Lukrative Erdöldeals gegen versteckte «Gringos»

Javier Aguilar soll laut Anklage zwischen 2015 und 2020 über mehrere Mittelsmänner und Briefkastenfirmen Bestechungsgelder an ecuadorianische und mexikanische Beamte gezahlt haben. Damit habe er es seinem Arbeitgeber Vitol ermöglicht, Ausschreibungen der staatlichen Ölgesellschaften Petroecuador und Pemex zu gewinnen. Um die Illegalität dieser Zahlungen in US-Dollar zu verschleiern, so Gotham City, hätten die Vermittler Codewörter verwendet: «Schuhe», «Medikamente», «Kaffee» oder «Gringos».

Die Strategie der Prozessvermeidung greift diesmal nicht

Bereits im Dezember 2020 habe die Firma Vitol zugegeben, Beamte in Brasilien, Mexiko und Ecuador bestochen zu haben. Gemäss Gotham City erklärte sich der Konzern bereit, 164 Millionen US-Dollar zu zahlen, um die Ermittlungen in den Vereinigten Staaten und Brasilien zu beenden. Javier Aguilar habe damals jegliche Schuld von sich gewiesen und behauptet, als Sündenbock für seinen ehemaligen Vorgesetzten Marc Ducrest vorgeschoben worden zu sein. Zu einer strafrechtlichen Verfolgung sei es damals nicht gekommen, so Gotham City.

Diese Version des ehemaligen Direktors steht jedoch im Widerspruch zu den jüngeren Aussagen mehrerer ehemaliger Vitol-Mittelsmänner. Diese werden vom US-Justizministerium ebenfalls strafrechtlich verfolgt. In der Hoffnung auf Strafmilderung hätten sie Javier Aguilar schwer belastet. Er soll die fraglichen Bestechungsgelder über ein Geflecht von Offshore-Firmenkonten geleitet haben.

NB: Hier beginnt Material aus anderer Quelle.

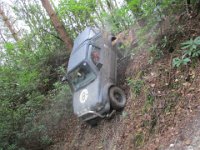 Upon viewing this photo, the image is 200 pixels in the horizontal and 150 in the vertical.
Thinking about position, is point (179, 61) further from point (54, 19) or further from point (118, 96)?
point (54, 19)

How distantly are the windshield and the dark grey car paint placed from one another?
102 mm

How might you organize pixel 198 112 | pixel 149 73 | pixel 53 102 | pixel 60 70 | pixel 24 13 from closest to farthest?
pixel 198 112 < pixel 149 73 < pixel 53 102 < pixel 60 70 < pixel 24 13

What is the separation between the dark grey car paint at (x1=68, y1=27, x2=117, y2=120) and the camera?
24.7 ft

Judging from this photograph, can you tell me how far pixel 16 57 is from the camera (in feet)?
42.5

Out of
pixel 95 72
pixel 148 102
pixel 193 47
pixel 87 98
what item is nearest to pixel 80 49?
pixel 95 72

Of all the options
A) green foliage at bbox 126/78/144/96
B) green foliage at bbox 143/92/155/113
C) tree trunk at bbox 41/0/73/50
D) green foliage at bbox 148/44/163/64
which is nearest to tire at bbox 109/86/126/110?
green foliage at bbox 126/78/144/96

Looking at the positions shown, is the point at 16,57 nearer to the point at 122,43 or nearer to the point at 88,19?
the point at 88,19

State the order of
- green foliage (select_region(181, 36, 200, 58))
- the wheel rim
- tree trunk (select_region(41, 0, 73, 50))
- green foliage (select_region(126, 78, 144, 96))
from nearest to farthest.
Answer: green foliage (select_region(181, 36, 200, 58))
green foliage (select_region(126, 78, 144, 96))
the wheel rim
tree trunk (select_region(41, 0, 73, 50))

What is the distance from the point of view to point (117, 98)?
25.8ft

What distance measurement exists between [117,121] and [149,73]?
1.63m

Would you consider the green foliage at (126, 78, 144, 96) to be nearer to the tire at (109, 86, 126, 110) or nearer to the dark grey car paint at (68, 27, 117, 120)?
the tire at (109, 86, 126, 110)

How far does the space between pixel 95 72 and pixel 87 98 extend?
31.8 inches

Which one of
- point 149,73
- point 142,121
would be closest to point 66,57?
point 149,73

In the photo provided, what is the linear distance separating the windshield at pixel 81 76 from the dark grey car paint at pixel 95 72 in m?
0.10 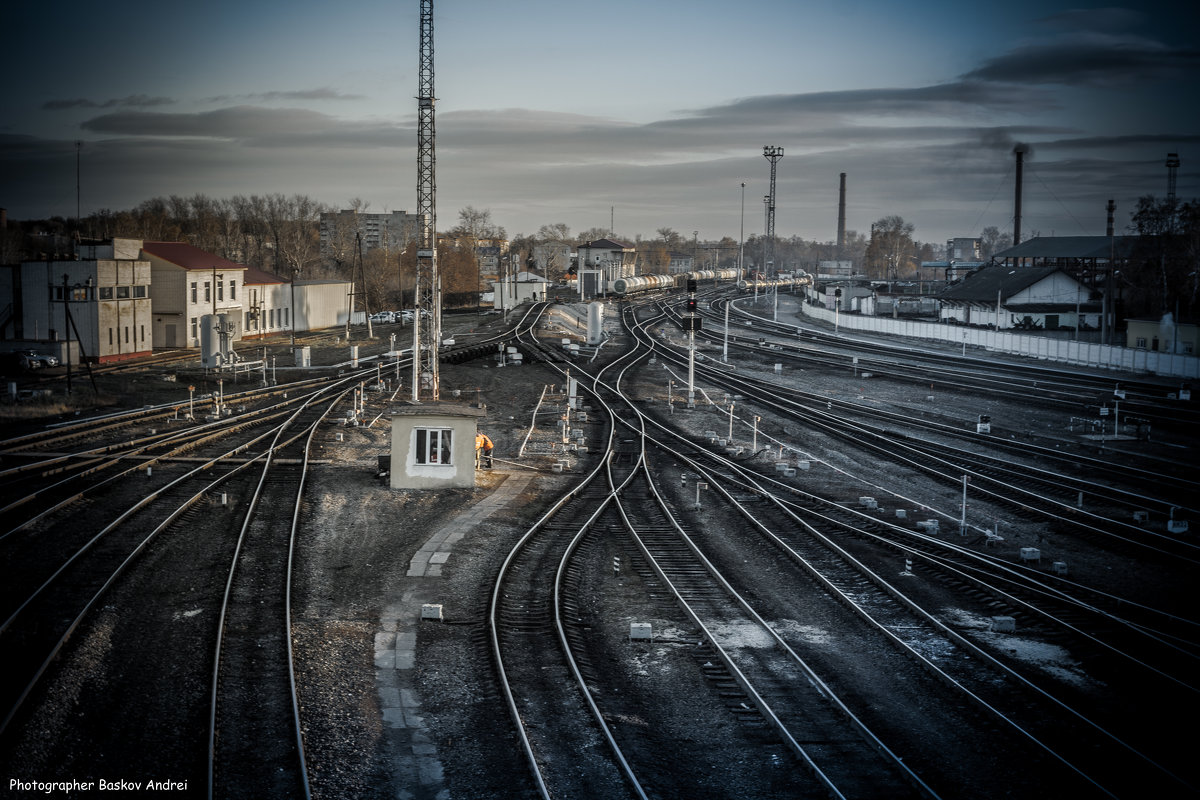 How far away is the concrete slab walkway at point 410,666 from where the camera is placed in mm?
9570

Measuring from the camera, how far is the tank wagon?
9181 cm

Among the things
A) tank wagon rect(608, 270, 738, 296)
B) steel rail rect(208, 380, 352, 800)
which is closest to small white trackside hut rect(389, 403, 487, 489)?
steel rail rect(208, 380, 352, 800)

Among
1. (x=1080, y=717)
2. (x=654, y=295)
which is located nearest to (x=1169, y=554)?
(x=1080, y=717)

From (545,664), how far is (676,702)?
1859 mm

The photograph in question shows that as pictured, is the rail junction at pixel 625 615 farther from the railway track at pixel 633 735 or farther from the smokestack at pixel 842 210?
the smokestack at pixel 842 210

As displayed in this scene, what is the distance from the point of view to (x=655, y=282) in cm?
10606

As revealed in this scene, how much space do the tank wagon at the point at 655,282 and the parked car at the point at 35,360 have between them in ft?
160

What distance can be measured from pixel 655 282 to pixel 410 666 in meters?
95.6

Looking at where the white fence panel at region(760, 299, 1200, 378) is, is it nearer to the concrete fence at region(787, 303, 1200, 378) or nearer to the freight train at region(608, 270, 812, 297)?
the concrete fence at region(787, 303, 1200, 378)

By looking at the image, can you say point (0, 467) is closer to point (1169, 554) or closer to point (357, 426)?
point (357, 426)

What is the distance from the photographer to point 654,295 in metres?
103

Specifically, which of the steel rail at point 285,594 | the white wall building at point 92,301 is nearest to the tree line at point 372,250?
the white wall building at point 92,301

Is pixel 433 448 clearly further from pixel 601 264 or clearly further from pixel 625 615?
pixel 601 264

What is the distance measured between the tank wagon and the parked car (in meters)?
48.9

Der Fall Vitol scheint nur die Spitze des Eisbergs zu sein

Einer der involvierten Mittelsmänner, Nilsen Arias, habe bei seiner Vernehmung erklärt, nicht nur von Vitol, sondern auch von anderen Handelsfirmen Bestechungsgelder erhalten zu haben, darunter Trafigura und Gunvor. Letztere sollen – angeblich «unwissentlich» – staatliche Ölgesellschaften als Fassade benutzt haben, um die Art der Zahlungen zu verschleiern. Dies berichtete die Wirtschaftsnewsdienst Bloomberg (lesen Sie hier und hier).

Vitol soll Oman Trading International (heute OQ Trading) genutzt haben, das sich im Besitz des Sultanats Oman befindet. Trafigura soll seine Zahlungen über die uruguayische Nationalgesellschaft Ancap abgewickelt haben. Gunvor hingegen soll Unipec, eine Einheit des chinesischen Riesen Sinopec, und das thailändische Unternehmen PTT genutzt haben.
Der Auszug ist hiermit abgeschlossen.